Biru yang sebelumnya memang sombong dan bandel, yang tak bisa melihat ketulusan hati seseorang. Dia bahkan tidak bisa membedakan siapa yang sesungguhnya baik padanya atau yang cuma pura-pura baik saja.
Rudd merogoh saku bajunya. "Yang ini adalah hadiah dariku untukmu".
Pemuda itu mengambil tangan ramping Biru, lalu memakaikan gelang perak yang cantik di tangannya.
"Seorang gadis harus memiliki perhiasan. Ku lihat sepertinya kau tidak punya satu pun perhiasan, karena itu aku membelikan gelang untukmu. Maaf ya, aku belum bisa membelikan perhiasan yang mahal untukmu. Nanti kalau aku sudah bekerja, aku akan membelikan perhiasan yang lebih bagus lagi".
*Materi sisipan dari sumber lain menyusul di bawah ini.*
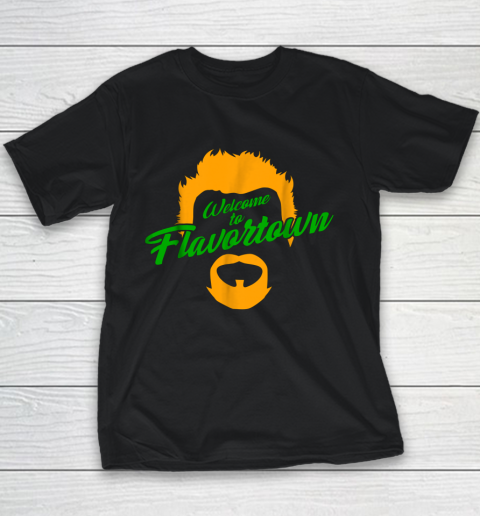 Guy Fieri Flavortown Shirt Welcome to Flavortown Youth T-Shirt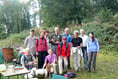 SUPER WEEKEND OF WALKING AT THE SECOND ROSS WALKING FESTIVAL.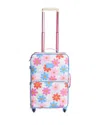 State Kids' Logan Daisy Carry On Suitcase In Daisies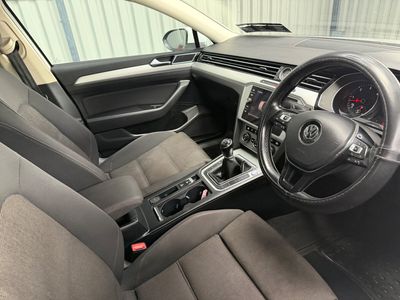 2018 Volkswagen Passat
"Terimakasih, ini cantik sekali. Aku menyukainya" jawab Biru sambil menyentuh gelang di tangannya.
Setelah itu, Rudd memaksa Biru untuk membuka bungkusan yang diberikan oleh Sissil siang tadi. Biru tidak menolak, dan membukanya. Ternyata hadiah yang di berikan oleh Sissil adalah sebuah syal berwarna biru tua.
Melihat hadiah dari Sissil, diam-diam Rudd merasa senang. Ternyata hadiah yang dia berikan jauh lebih bagus daripada yang diberikan oleh Sissil. Untungnya dia memilihkan perhiasan untuk Biru.
Malam itu Biru merasa sangat bahagia. Dia berharap kebahagiaan itu akan berlangsung seterusnya.
Apabila kebahagiaan itu hanyalah sebuah mimpi, Biru tidak ingin bangun dari mimpi indah itu selama-lamanya.
Dalam hidupnya kali ini, Biru tidak ingin meninggalkan keluarganya lagi. Dia ingin selalu bersama dengan mereka, sampai dia menjadi tua dan mati.